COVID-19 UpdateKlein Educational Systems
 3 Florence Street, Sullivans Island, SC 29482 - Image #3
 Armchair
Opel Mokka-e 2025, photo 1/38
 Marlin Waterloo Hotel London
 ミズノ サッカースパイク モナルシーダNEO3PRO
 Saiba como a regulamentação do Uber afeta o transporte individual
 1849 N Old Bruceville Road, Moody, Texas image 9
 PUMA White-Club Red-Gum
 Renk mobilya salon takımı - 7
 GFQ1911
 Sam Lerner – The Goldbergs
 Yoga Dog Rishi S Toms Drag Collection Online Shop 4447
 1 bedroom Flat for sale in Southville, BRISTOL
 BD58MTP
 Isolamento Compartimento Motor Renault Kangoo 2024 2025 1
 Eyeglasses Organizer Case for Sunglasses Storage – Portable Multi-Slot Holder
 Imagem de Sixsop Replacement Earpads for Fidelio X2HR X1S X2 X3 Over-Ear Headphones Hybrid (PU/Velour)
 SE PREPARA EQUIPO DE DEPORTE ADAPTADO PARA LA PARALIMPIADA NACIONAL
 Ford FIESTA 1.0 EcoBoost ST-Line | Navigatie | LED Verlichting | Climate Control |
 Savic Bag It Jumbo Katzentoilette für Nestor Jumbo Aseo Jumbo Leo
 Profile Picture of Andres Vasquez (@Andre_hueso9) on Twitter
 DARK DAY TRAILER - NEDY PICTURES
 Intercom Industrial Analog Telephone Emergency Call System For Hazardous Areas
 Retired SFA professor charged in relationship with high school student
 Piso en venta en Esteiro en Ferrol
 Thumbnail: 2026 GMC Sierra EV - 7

★ ★ ★

What the exercise asks:
Please give an exact copy of the entries above, from the line with "ミズノ サッカースパイク モナルシーダNEO3PRO" down to the line with "Ford FIESTA 1.0", inclusive, and nothing else.

Exercise answer:
 ミズノ サッカースパイク モナルシーダNEO3PRO
 Saiba como a regulamentação do Uber afeta o transporte individual
 1849 N Old Bruceville Road, Moody, Texas image 9
 PUMA White-Club Red-Gum
 Renk mobilya salon takımı - 7
 GFQ1911
 Sam Lerner – The Goldbergs
 Yoga Dog Rishi S Toms Drag Collection Online Shop 4447
 1 bedroom Flat for sale in Southville, BRISTOL
 BD58MTP
 Isolamento Compartimento Motor Renault Kangoo 2024 2025 1
 Eyeglasses Organizer Case for Sunglasses Storage – Portable Multi-Slot Holder
 Imagem de Sixsop Replacement Earpads for Fidelio X2HR X1S X2 X3 Over-Ear Headphones Hybrid (PU/Velour)
 SE PREPARA EQUIPO DE DEPORTE ADAPTADO PARA LA PARALIMPIADA NACIONAL
 Ford FIESTA 1.0 EcoBoost ST-Line | Navigatie | LED Verlichting | Climate Control |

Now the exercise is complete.